WORK TO COMPLETE: The reply is to contain the full listing, repeated exactly, with pictures left out.

##### EXTRACTED MATERIAL

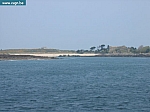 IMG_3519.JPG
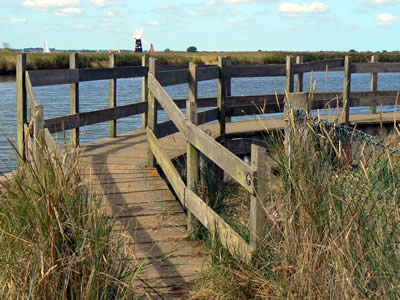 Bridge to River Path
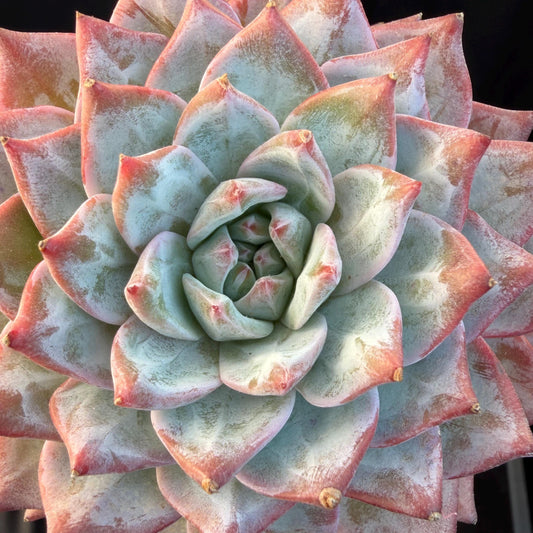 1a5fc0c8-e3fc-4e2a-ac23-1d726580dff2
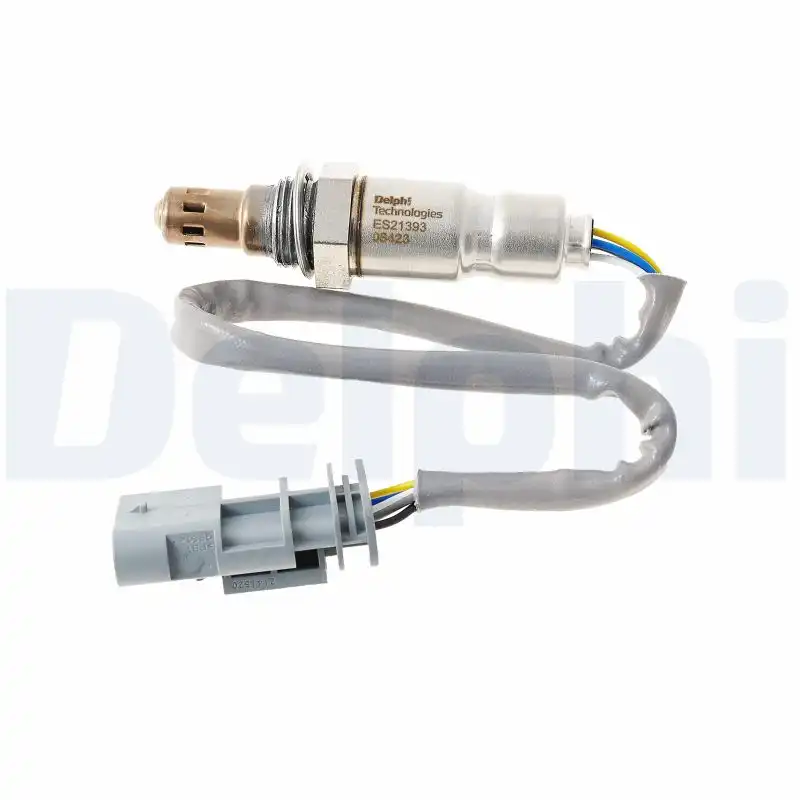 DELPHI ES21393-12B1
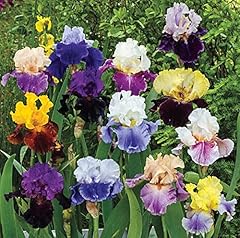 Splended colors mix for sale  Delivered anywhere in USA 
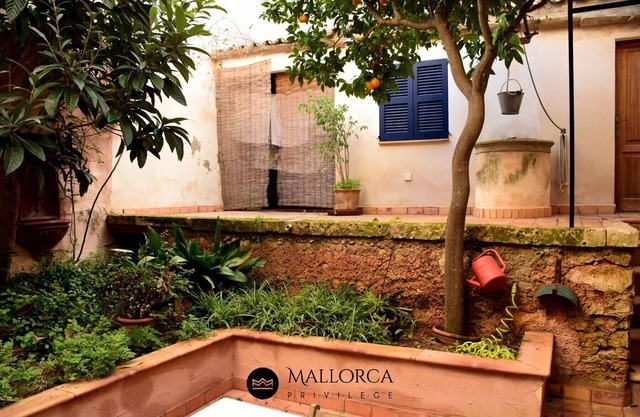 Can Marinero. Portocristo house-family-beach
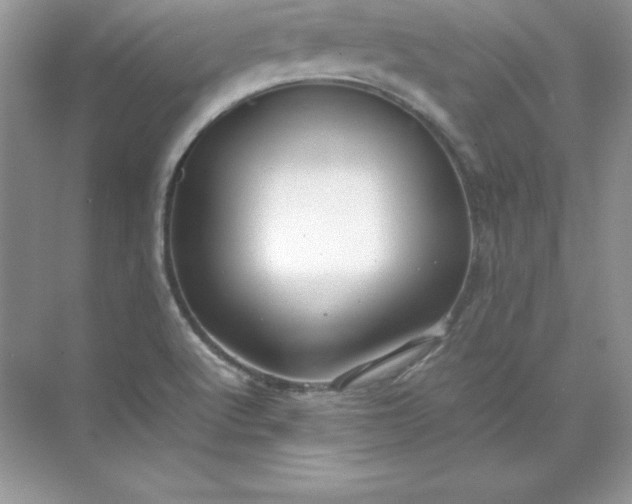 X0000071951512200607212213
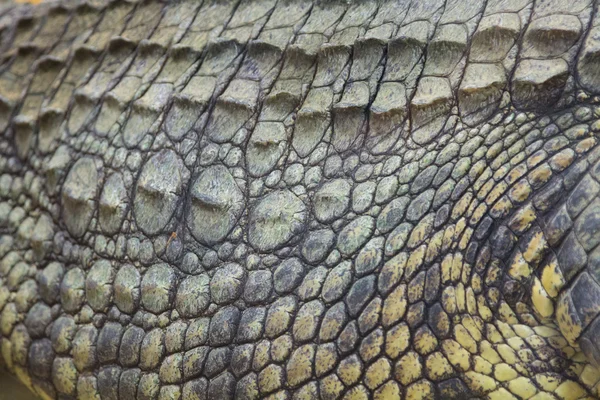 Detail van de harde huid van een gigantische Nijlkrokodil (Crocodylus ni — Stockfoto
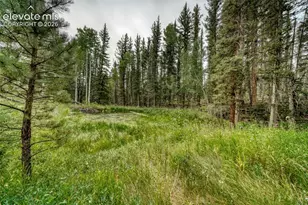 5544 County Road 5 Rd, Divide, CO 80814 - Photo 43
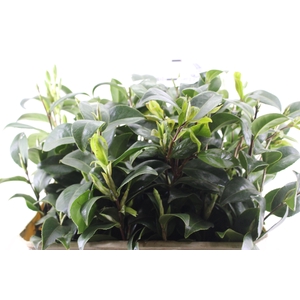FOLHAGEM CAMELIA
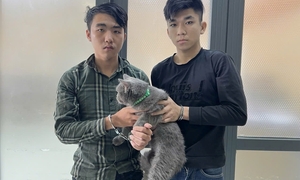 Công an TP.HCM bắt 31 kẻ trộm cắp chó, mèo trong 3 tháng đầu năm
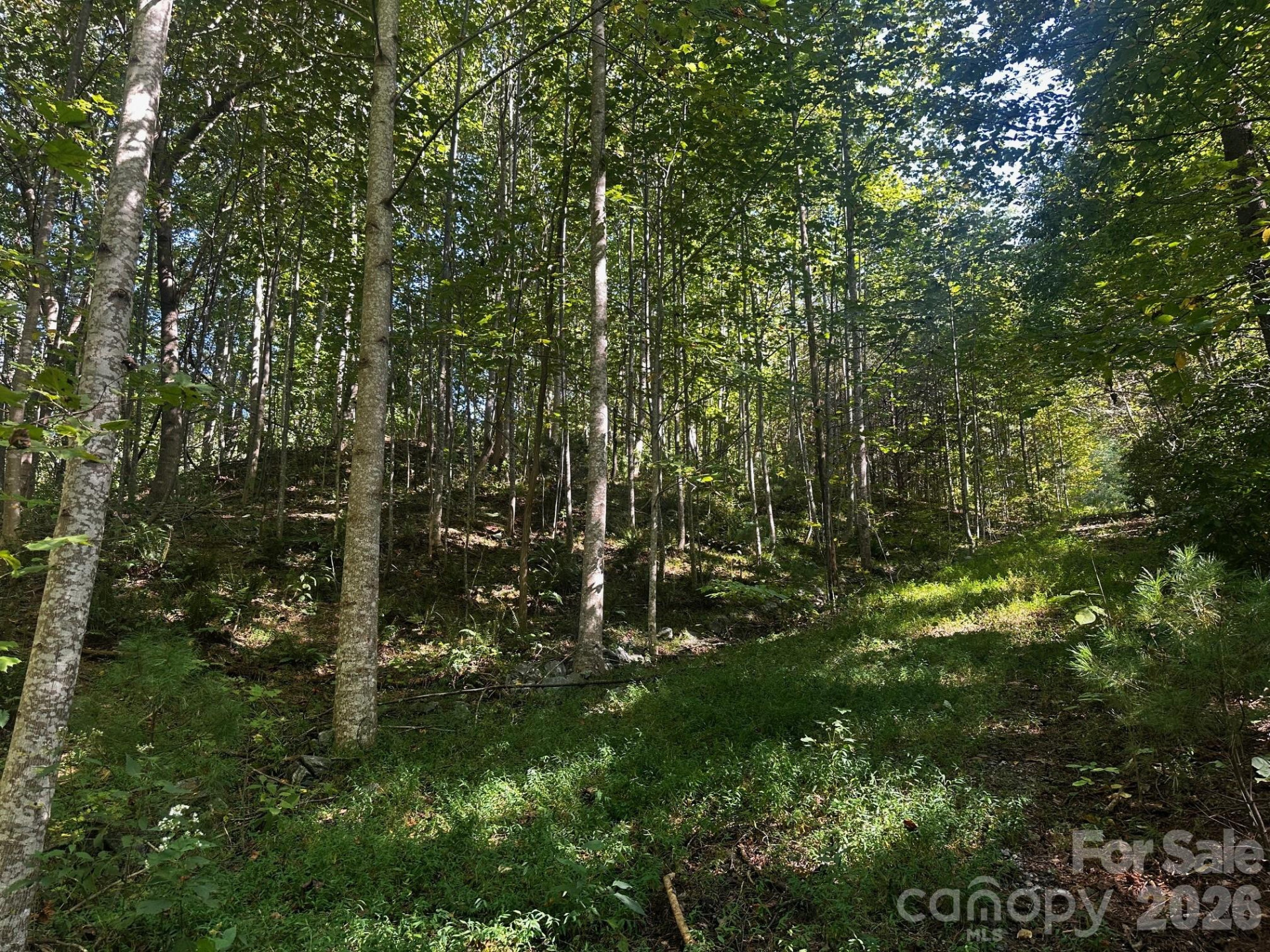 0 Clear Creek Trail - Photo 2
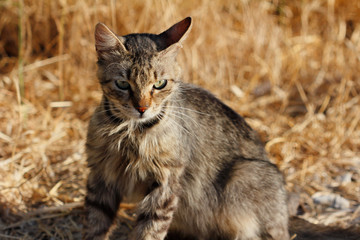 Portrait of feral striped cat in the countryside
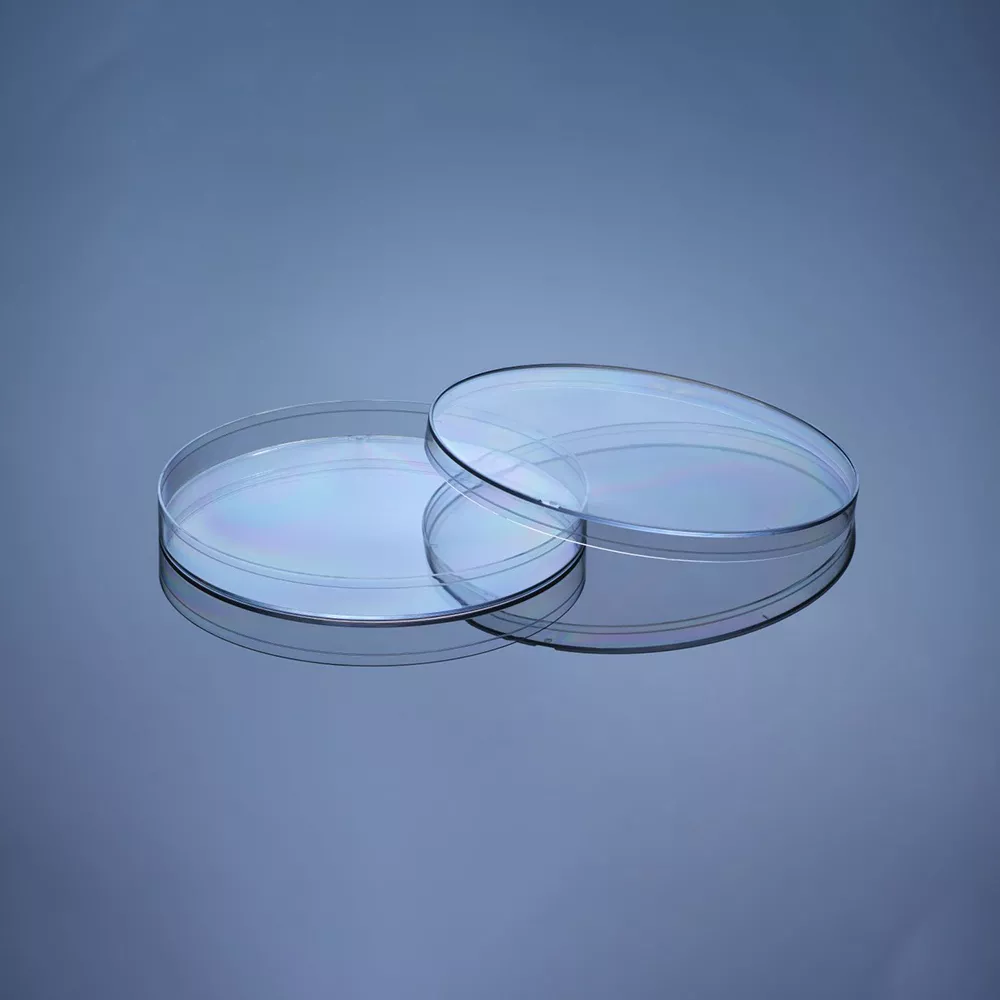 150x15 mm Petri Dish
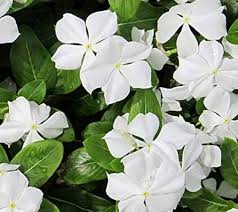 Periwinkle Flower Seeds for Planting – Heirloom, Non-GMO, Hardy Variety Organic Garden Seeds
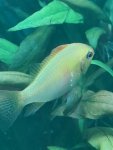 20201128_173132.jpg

##########

RESPONSE TO THIS EXERCISE:
 IMG_3519.JPG
 Bridge to River Path
 1a5fc0c8-e3fc-4e2a-ac23-1d726580dff2
 DELPHI ES21393-12B1
 Splended colors mix for sale  Delivered anywhere in USA 
 Can Marinero. Portocristo house-family-beach
 X0000071951512200607212213
 Detail van de harde huid van een gigantische Nijlkrokodil (Crocodylus ni — Stockfoto
 5544 County Road 5 Rd, Divide, CO 80814 - Photo 43
FOLHAGEM CAMELIA
 Công an TP.HCM bắt 31 kẻ trộm cắp chó, mèo trong 3 tháng đầu năm
 0 Clear Creek Trail - Photo 2
 Portrait of feral striped cat in the countryside
 150x15 mm Petri Dish
 Periwinkle Flower Seeds for Planting – Heirloom, Non-GMO, Hardy Variety Organic Garden Seeds
 20201128_173132.jpg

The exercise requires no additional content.